これこそ自由&民主主義の国の地方自治体&議会のあり方だと思うので、ここに記して、しっかりチェックしておきたい!(・・)
ちなみに、県知事レベルで言えば、欠席すると明らかになっているのは4人だけだ。
沖縄の玉城デニー知事は「7月に安倍氏が他界した際に、既に県として弔意をあらわし、半旗も掲げた」として、国葬には出席しない意向を表明している。
静岡の川勝平太記事も、「7月に奈良市で開かれた全国知事会議に出席した際、他の知事と銃撃現場に赴き「哀悼の誠をささげてきた」「既に弔意を表しており、改めて参列はしないこととする」として、国葬には欠席するとのこと。
長野の阿部守一知事は、当日に御嶽山噴火の犠牲者(58人死亡)の追悼式が地元の王滝村で開かれる予定ゆえ、そちらに出席するために国葬は欠席するという。
また、先週になって宮崎県の河野俊嗣知事も、台風14号の被害への対応をするため、国葬に欠席すると表明した。
尚、自治体の首長が国葬に参列する時に、それを公務ととらえ、公費で出張するかどうかも問題になっている。
大半の首長は、公費を使うと答えているようだが。公費を使った場合、違憲の国葬への出張は違憲で不当な公務だとして、住民監査請求などが出される可能性がある。<既に公費支出の差止め要求などが出されている自治体もある。>
先週の段階で、国葬に反対する決議を行なっていた地方議会の記事も載せておこう!(++)
『安倍氏国葬中止・撤回を 地方議会の意見書相次ぐ「将来に禍根」
27日に実施される安倍晋三元首相の国葬を巡り、中止や撤回を求める意見書などを可決する地方議会が相次いでいる。首相経験者の国葬は1967年の吉田茂元首相以来だが、岸田文雄首相は安倍氏が亡くなったわずか6日後、国会審議を経ないまま国葬とする方針を表明した。国民の間では今なお賛否が割れており、地方からも疑義が噴出している形だ。
「国葬の実施は国会で決められるべきだ」「国民の賛否が拮抗(きっこう)し、将来に禍根を残しかねない」――。高知県大月町議会(定数10)は15日、安倍氏の国葬中止を求める意見書を全会一致(欠席1人と議長を除く8人)で可決した。町議会事務局によると、8人の党派別は自民3人、公明1人、共産1人、無所属3人。意見書は岸田首相や衆参両議長らに郵送した。

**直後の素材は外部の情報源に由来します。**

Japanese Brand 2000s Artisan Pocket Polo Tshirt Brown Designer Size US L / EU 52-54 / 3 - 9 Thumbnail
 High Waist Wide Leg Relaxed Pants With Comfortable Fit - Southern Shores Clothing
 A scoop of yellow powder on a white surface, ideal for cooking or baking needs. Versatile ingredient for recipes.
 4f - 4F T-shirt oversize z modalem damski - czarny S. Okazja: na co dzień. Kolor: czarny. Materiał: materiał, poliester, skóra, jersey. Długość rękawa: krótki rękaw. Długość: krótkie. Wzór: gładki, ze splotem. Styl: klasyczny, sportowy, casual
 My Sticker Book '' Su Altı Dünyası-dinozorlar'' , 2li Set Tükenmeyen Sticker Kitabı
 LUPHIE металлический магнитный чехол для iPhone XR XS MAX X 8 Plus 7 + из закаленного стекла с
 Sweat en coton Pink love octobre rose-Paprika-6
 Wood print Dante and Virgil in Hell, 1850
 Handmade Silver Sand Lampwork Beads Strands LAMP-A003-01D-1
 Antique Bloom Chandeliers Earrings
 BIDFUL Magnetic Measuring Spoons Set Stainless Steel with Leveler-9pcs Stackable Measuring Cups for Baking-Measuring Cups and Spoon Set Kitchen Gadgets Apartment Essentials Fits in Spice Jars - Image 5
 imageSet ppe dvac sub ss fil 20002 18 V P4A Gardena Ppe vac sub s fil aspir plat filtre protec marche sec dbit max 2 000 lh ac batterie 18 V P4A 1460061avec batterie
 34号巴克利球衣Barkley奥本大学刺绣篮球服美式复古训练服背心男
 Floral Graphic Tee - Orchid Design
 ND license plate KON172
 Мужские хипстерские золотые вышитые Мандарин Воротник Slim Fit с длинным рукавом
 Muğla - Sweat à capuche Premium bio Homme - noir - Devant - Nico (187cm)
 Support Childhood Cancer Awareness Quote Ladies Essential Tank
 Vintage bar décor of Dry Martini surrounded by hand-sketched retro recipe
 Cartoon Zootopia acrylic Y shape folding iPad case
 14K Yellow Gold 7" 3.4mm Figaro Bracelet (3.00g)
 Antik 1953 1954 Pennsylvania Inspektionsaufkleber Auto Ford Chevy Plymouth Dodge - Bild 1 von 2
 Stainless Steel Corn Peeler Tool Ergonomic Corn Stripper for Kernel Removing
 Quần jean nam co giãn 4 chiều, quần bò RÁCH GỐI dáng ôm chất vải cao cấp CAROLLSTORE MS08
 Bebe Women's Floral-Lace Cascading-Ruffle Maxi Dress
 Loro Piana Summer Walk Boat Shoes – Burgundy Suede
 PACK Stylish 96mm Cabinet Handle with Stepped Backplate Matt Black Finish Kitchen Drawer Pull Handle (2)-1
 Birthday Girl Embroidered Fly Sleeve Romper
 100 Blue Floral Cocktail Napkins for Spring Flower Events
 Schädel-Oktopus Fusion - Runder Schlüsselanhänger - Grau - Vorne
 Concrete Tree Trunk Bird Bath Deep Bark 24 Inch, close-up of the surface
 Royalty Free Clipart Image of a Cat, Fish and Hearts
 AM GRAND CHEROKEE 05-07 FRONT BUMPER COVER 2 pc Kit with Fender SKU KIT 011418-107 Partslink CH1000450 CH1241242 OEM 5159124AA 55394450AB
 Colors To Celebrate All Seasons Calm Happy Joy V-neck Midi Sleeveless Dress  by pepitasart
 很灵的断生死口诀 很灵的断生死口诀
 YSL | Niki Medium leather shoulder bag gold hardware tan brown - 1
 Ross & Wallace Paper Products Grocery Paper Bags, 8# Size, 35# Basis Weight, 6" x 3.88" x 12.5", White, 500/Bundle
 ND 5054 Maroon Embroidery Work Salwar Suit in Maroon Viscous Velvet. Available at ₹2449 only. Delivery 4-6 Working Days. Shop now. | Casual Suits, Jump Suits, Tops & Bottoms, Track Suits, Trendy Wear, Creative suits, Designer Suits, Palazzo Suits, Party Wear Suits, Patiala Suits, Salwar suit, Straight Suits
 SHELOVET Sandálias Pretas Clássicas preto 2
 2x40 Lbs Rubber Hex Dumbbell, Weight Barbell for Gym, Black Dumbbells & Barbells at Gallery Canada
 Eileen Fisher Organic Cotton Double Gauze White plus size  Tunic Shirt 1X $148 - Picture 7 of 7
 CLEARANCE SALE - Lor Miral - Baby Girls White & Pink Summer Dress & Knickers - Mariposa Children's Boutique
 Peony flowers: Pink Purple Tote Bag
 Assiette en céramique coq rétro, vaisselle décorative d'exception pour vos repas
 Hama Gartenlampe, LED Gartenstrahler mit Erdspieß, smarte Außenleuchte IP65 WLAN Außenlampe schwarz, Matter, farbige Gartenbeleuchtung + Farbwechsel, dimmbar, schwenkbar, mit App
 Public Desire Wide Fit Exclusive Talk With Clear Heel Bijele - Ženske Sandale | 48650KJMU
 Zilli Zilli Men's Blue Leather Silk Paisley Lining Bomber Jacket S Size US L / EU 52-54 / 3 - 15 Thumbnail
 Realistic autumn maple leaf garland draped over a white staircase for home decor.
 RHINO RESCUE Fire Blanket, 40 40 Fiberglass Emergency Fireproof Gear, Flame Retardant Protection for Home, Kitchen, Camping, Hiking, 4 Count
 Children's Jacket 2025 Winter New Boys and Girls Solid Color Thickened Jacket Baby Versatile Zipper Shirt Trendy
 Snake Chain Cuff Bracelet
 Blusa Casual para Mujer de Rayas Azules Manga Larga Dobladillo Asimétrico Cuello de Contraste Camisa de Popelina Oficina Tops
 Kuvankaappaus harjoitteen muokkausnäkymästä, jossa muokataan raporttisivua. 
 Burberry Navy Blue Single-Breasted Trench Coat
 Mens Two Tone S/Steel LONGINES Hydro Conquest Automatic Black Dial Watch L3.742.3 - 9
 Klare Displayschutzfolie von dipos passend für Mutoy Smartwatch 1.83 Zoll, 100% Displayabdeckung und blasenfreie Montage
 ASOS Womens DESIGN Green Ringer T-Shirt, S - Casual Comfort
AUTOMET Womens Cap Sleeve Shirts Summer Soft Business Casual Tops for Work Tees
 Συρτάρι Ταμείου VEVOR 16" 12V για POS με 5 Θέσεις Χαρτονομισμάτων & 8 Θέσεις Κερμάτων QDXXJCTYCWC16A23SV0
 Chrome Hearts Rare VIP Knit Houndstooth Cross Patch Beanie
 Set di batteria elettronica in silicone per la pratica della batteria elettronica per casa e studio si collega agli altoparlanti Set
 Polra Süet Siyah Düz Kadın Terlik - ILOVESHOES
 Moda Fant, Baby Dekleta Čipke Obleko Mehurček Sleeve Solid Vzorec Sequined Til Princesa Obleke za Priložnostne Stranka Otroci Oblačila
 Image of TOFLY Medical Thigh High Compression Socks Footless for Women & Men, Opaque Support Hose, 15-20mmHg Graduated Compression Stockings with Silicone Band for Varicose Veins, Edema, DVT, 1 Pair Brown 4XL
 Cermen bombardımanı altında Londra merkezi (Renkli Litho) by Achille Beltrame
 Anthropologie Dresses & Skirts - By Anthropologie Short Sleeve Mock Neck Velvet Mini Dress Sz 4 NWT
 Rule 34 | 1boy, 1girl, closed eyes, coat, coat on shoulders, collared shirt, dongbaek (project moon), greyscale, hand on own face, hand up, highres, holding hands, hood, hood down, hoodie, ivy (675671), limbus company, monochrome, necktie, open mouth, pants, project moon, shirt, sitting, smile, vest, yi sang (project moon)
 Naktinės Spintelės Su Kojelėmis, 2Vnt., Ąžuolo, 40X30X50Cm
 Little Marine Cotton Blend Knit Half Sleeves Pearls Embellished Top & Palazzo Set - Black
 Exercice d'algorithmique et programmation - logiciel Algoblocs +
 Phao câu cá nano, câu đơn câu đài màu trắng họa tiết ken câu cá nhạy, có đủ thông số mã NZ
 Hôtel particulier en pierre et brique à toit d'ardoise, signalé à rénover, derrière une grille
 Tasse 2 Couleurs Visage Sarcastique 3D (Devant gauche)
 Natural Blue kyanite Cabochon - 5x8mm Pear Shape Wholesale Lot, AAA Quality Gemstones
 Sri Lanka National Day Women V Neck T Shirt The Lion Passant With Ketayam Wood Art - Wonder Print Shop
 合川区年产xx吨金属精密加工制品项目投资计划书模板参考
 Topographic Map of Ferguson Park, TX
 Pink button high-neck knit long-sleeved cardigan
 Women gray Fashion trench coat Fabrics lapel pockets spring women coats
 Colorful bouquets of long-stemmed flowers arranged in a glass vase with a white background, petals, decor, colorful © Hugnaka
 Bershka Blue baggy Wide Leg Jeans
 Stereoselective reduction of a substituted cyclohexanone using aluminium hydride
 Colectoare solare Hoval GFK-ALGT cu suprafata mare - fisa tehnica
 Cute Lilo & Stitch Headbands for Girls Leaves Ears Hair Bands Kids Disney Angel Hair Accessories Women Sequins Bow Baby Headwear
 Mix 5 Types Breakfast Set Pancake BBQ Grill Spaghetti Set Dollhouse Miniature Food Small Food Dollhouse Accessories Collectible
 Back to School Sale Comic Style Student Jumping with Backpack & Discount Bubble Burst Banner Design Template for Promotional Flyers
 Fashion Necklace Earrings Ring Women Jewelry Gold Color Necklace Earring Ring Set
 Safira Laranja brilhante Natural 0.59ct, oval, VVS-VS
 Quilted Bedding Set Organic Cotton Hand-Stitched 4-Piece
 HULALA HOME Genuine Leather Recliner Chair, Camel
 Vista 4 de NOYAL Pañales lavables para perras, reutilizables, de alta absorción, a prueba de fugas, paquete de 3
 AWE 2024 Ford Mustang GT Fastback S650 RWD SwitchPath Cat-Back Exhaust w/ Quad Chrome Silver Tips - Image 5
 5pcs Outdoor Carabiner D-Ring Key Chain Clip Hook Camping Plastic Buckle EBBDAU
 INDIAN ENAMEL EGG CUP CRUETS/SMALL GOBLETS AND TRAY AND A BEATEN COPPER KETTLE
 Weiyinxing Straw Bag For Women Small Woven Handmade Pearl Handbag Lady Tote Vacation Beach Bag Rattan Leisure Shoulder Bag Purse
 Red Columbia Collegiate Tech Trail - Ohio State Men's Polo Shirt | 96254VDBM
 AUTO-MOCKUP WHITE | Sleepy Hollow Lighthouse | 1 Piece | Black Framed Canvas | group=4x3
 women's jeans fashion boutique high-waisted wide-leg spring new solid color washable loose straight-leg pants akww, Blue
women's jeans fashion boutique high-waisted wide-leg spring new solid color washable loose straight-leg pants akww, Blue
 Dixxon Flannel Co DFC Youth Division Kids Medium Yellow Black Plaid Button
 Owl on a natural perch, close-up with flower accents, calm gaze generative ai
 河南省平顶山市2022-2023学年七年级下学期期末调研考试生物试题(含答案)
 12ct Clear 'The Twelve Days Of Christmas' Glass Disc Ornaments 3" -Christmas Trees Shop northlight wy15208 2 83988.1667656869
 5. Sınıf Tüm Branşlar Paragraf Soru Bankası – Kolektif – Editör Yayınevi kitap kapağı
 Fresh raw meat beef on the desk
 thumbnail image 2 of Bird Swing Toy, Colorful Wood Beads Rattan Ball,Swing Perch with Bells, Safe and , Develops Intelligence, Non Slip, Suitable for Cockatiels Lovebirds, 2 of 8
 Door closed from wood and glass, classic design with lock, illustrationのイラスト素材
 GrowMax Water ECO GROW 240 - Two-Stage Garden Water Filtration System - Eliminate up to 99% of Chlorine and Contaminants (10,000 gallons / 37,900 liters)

意見書案を共同提出した浦木秀雄町議(72)=共産=は取材に、「森友学園、加計学園、桜を見る会などの疑惑や、世界平和統一家庭連合(旧統一教会)と政治の関係が解明されていない」と国葬に反対する姿勢を示した上で「法的根拠が不明確なまま国葬が実施されると、時の政権の一方的な判断が通ることになってしまう」と危機感をあらわにした。
鳥取県日南町議会(定数10)も8日、国葬中止を求める決議を全会一致(議長を除く9人)で可決。「明確な法的根拠がなく国民の賛否も二分されており、歴代首相の葬儀の実情を鑑みれば国葬を中止すべきだ」とする内容だ。
決議案を提出した古都(ふるいち)勝人町議(70)=無所属=は「町議たちから『国葬せんでもええ』という声が上がった。安倍元首相が選挙中に倒れたのは痛ましいが、皆に評価されることをやってきたわけではない」と批判する。総額16億6000万円程度とされる概算費用についても「日本はそういう状況ではないはず。田舎で水や山、田畑を守り、日本を支えてきた高齢者が2、3万円の出費に困っているのに」と疑問を投げかけた。
◇少なくとも12市町村議会が反対
毎日新聞の集計では、大月町や日南町を含め、東京都国立市、神奈川県鎌倉市、長野県大鹿村など少なくとも12市町村の議会が国葬中止や撤回を求める意見書や決議を可決している。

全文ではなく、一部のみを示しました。